Quuxplusone / LLVMBugzillaTest

0 stars 0 forks source link

Sibling loops confuse spill placement #23742

Open Quuxplusone opened 9 years ago

Quuxplusone commented 9 years ago
Bugzilla Link PR23743
Status NEW
Importance P normal
Reported by James Molloy (james@jamesmolloy.co.uk)
Reported on 2015-06-03 06:51:33 -0700
Last modified on 2017-06-04 07:20:37 -0700
Version trunk
Hardware PC All
CC arnaud.degrandmaison@arm.com, james@jamesmolloy.co.uk, llvm-bugs@lists.llvm.org, marina.yatsina@intel.com, matze@braunis.de, quentin.colombet@gmail.com, sanjoy@playingwithpointers.com
Fixed by commit(s)
Attachments test.ll (6299 bytes, application/octet-stream)
Blocks
Blocked by
See also
Created attachment 14426
Testcase

In the attached testcase there is one loop with two child loops. The two child
loops are siblings to each other.

A reloaded is inserted in the second sibling loop, instead of a different
register being spilled outside the second loop.

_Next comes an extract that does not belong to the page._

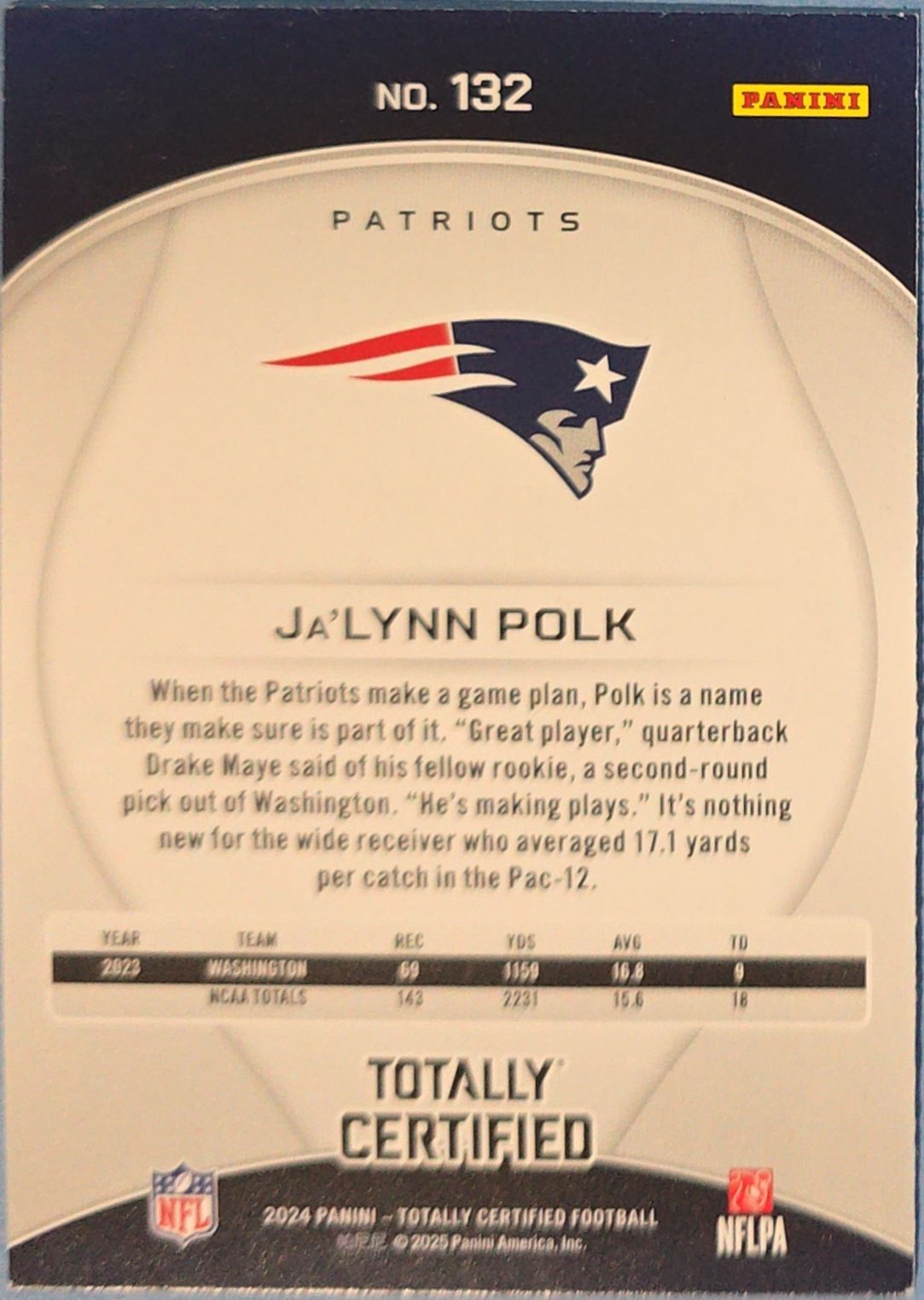 Ja'Lynn Polk 2024 Panini Totally Certified Mirror Rookie #132 (RC)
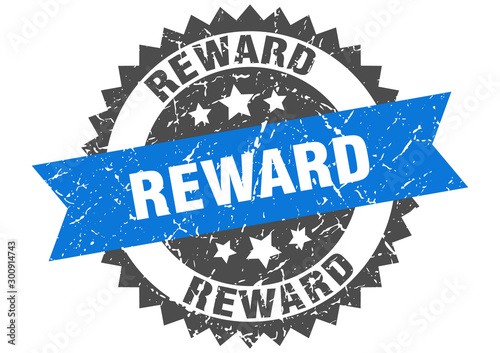 reward grunge stamp with blue band. reward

The register being spilled is %vreg7:

selectOrSplit rGPR:%vreg45 [576r,656B:0)[656B,976r:1)[976r,1104B:2)  0@576r
1@656B-phi 2@976r w=2.185477e+05
%R10 is available at cost 1
Only trying the first 10 regs.
should evict: %vreg23 [160r,1184B:0)  0@160r w= 4.682460e+04
should evict: %vreg1 [80r,1184B:0)  0@80r w= 2.164171e+04
should evict: %vreg8 [560r,1104B:0)  0@560r w= 2.003648e+04
should evict: %vreg7 [496r,1104B:0)  0@496r w= 1.771947e+04
evicting %R6 interference: Cascade 4
unassigning %vreg7 from %R6: R6
assigning %vreg45 to %R6: R6 [576r,656B:0)[656B,976r:1)[976r,1104B:2)  0@576r
1@656B-phi 2@976r
queuing new interval: %vreg7 [496r,1104B:0)  0@496r

%vreg7 has the lowest spill cost because it is within an if/else inside the
second loop. However, spilling %vreg23 or %vreg1 would not be as costly as
%vreg7 because both of those registers are live-through the second loop (they
are only used in the first loop).

It appears the spill placement algorithm is aware of loop nest depth (implied
by block frequency) but unaware of loop hierarchy.

Compile with: llc -O3 test.ll and note:

.LBB0_5:                                @ %bb21
                                        @   Parent Loop BB0_2 Depth=1
                                        @ =>  This Inner Loop Header: Depth=2
    sub.w   r8, r7, #2
    cmp r8, r4
    bhi .LBB0_7
@ BB#6:                                 @ %bb27
                                        @   in Loop: Header=BB0_5 Depth=2
    ldrb.w  r5, [r9, r7]
    lsl.w   r2, lr, r11
    eors    r2, r5
    ldr r5, [sp, #8]            @ 4-byte Reload    ***NAUGHTY***
    and.w   lr, r2, r5
Quuxplusone commented 9 years ago

Attached test.ll (6299 bytes, application/octet-stream): Testcase

Quuxplusone commented 9 years ago
Hi James,

I am not sure what you are suggesting here.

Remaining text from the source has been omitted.